Recorded data:
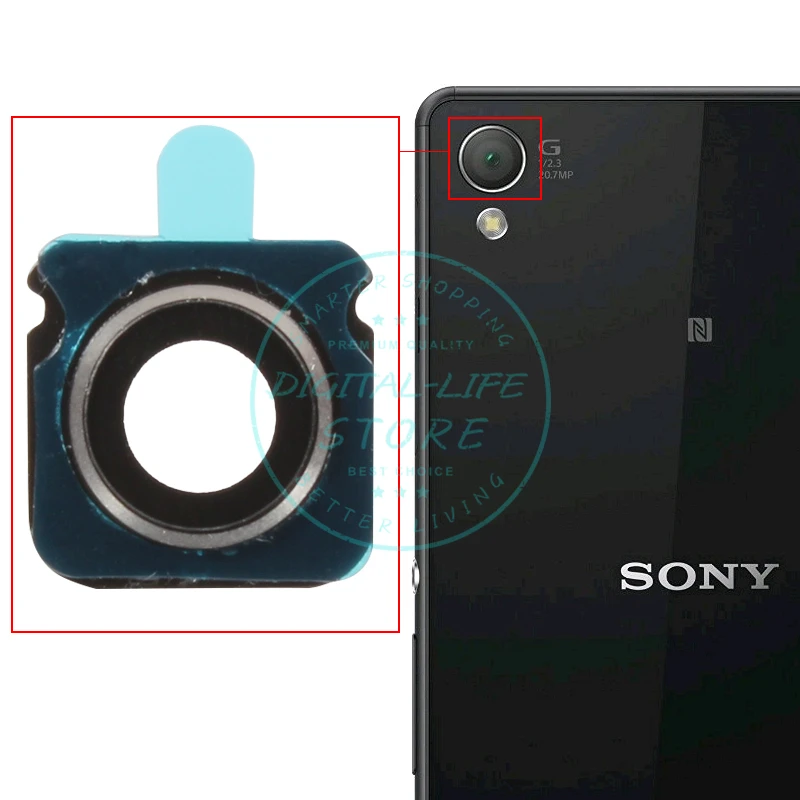 Стекло для задней камеры Sony Xperia Z3 с клейкой лентой 3M|lens for sony|lens replacementlens xperia |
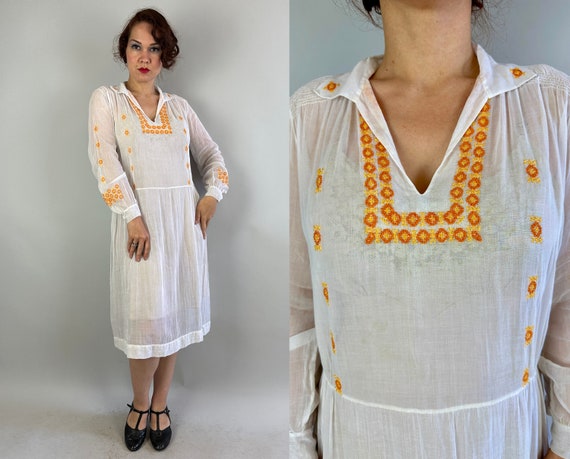 1930s Pretty Peasant Frock | Vintage 30s White Cotton Voile Sheer Day Dress with Orange and Yellow Floral Block Embroidery | Extra Large XL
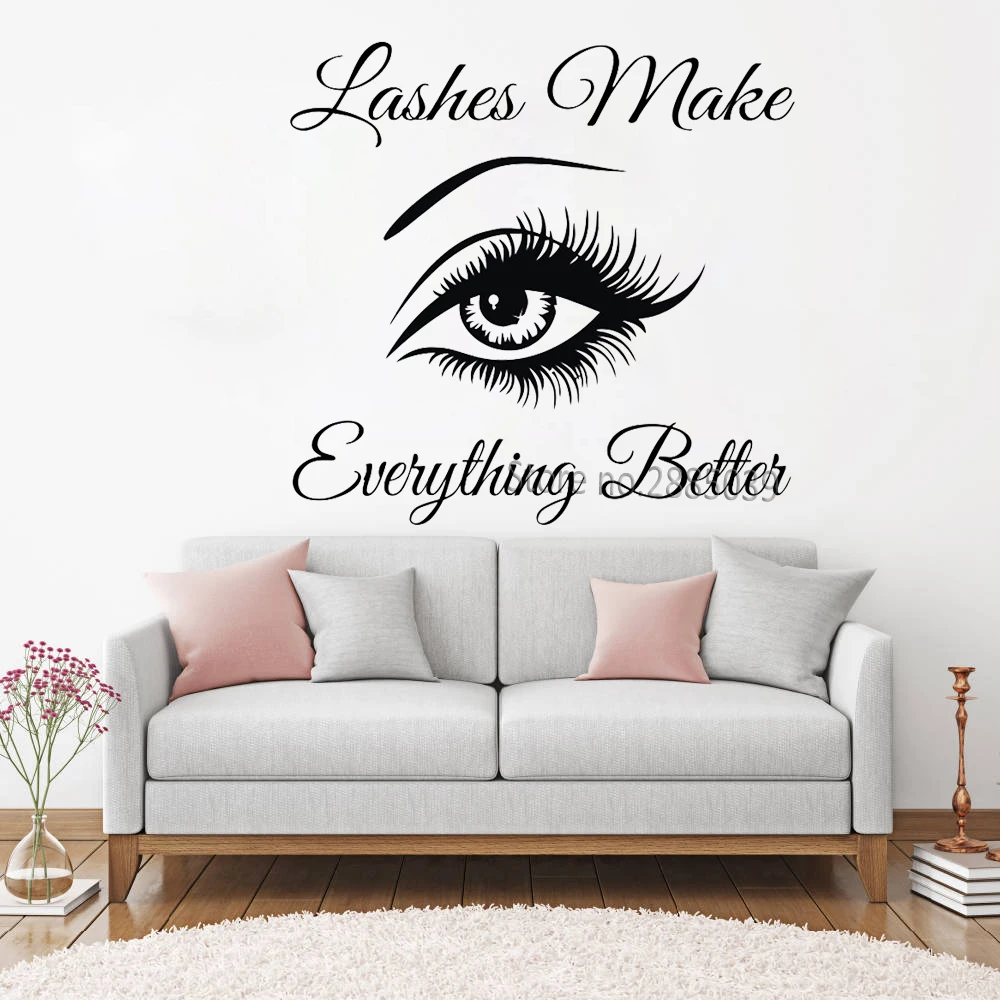 Lashes Make Wall Sticker Eyebrows Eyelashes Wall Mural Vinyl Interior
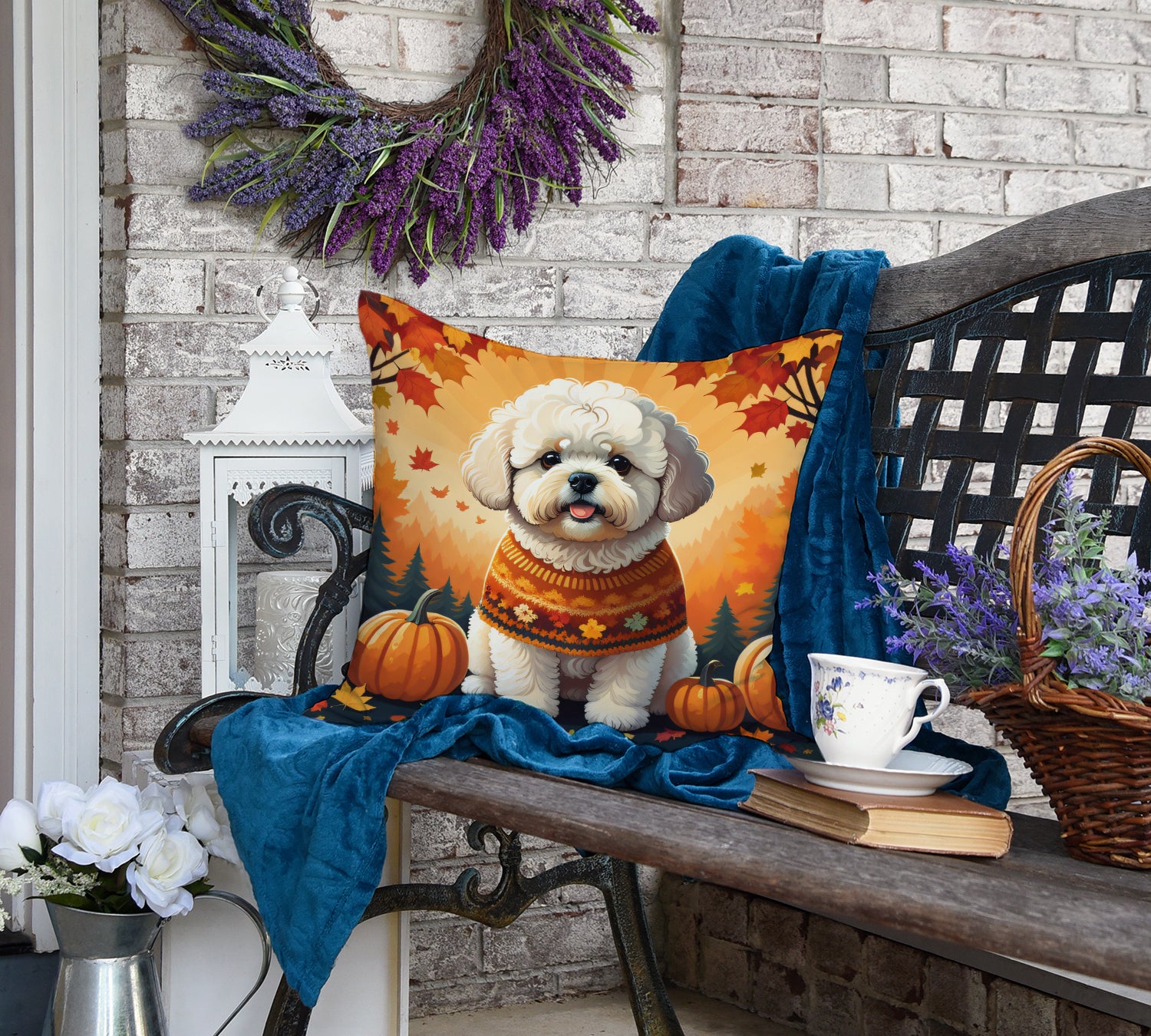 Bichon Frise Fall Fabric Decorative Pillow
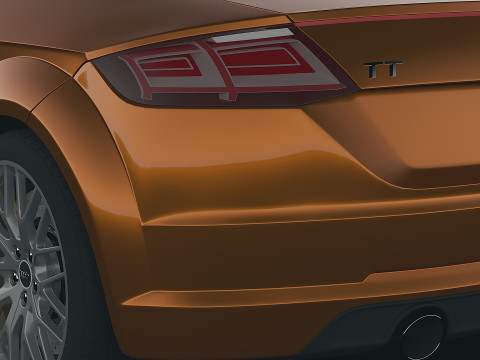 Sportscar Audi TT 2015 3D-Modell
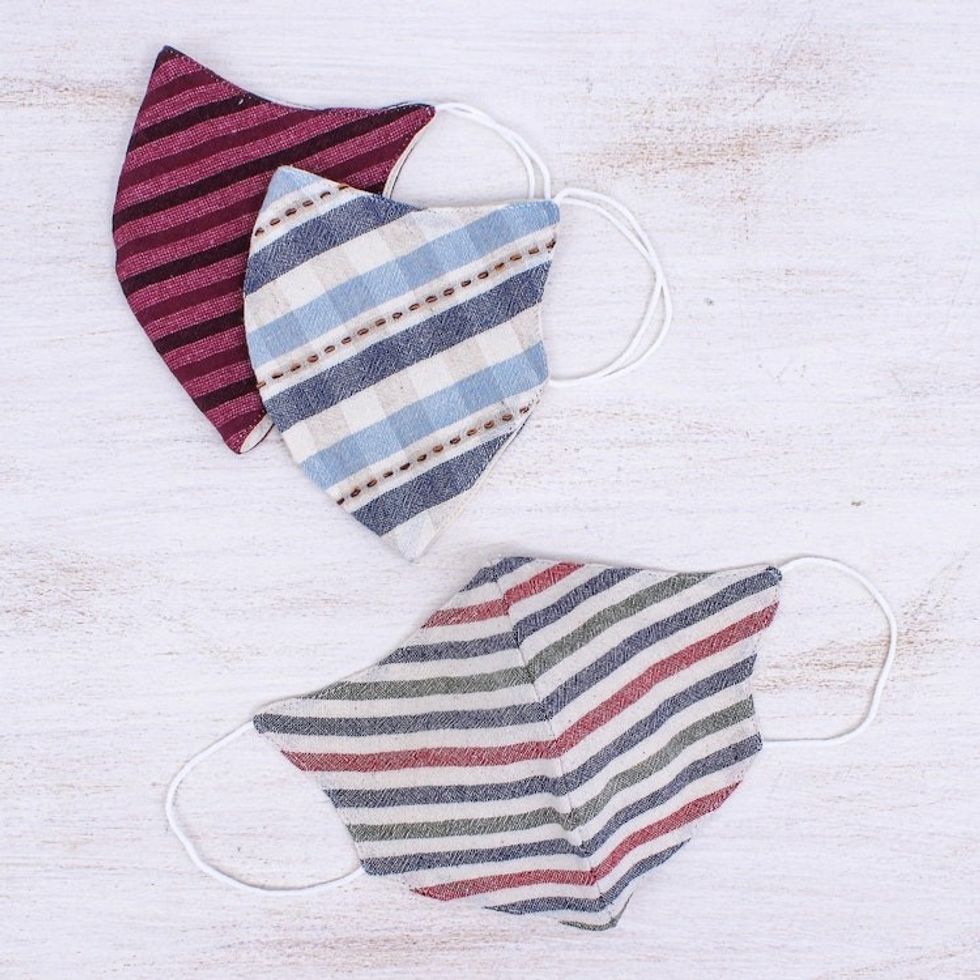 3 Handcrafted Thai Cotton Filter Pocket Adult Face Masks 'Today's Styles'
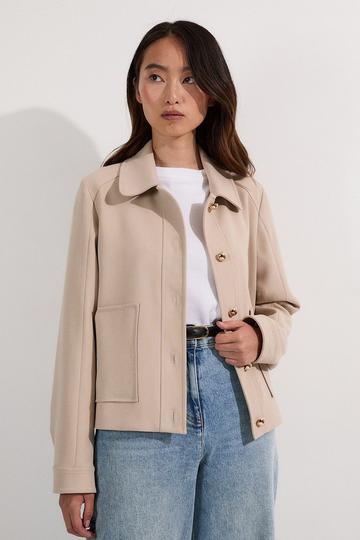 Compact Stretch Button Front Tailored Jacket stone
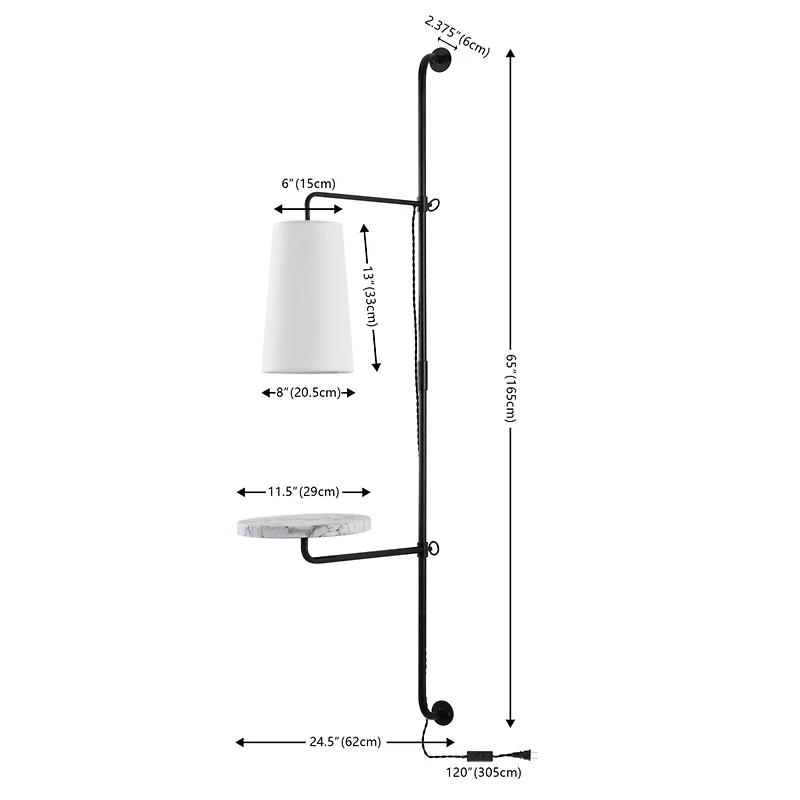 Jonathan Y Andre 1-Light Contemporary Industrial Iron Plug-In with Adjustable Marble Table Led Sconce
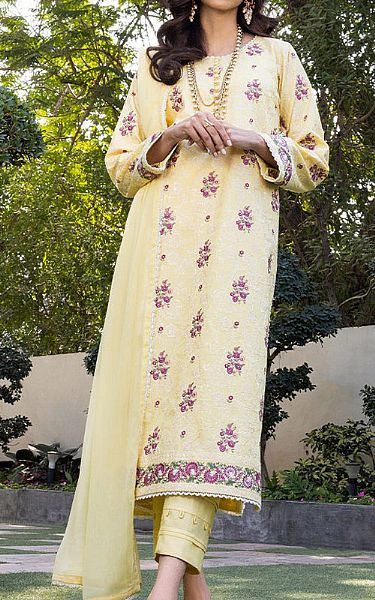 Asim Jofa Pastel Yellow Cambric Suit | Pakistani Lawn Suits- Image 1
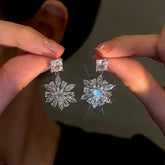 14K Gold-Plated Zircon Flower Earrings - elegant Dainty Flower Drop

Problem to work on: Please restate, word for word, the lines from the one with "3 Handcrafted Thai" through the final line of the material, both included, and omit the pictures.

Response:
 3 Handcrafted Thai Cotton Filter Pocket Adult Face Masks 'Today's Styles'
 Compact Stretch Button Front Tailored Jacket stone
 Jonathan Y Andre 1-Light Contemporary Industrial Iron Plug-In with Adjustable Marble Table Led Sconce
 Asim Jofa Pastel Yellow Cambric Suit | Pakistani Lawn Suits- Image 1
 14K Gold-Plated Zircon Flower Earrings - elegant Dainty Flower Drop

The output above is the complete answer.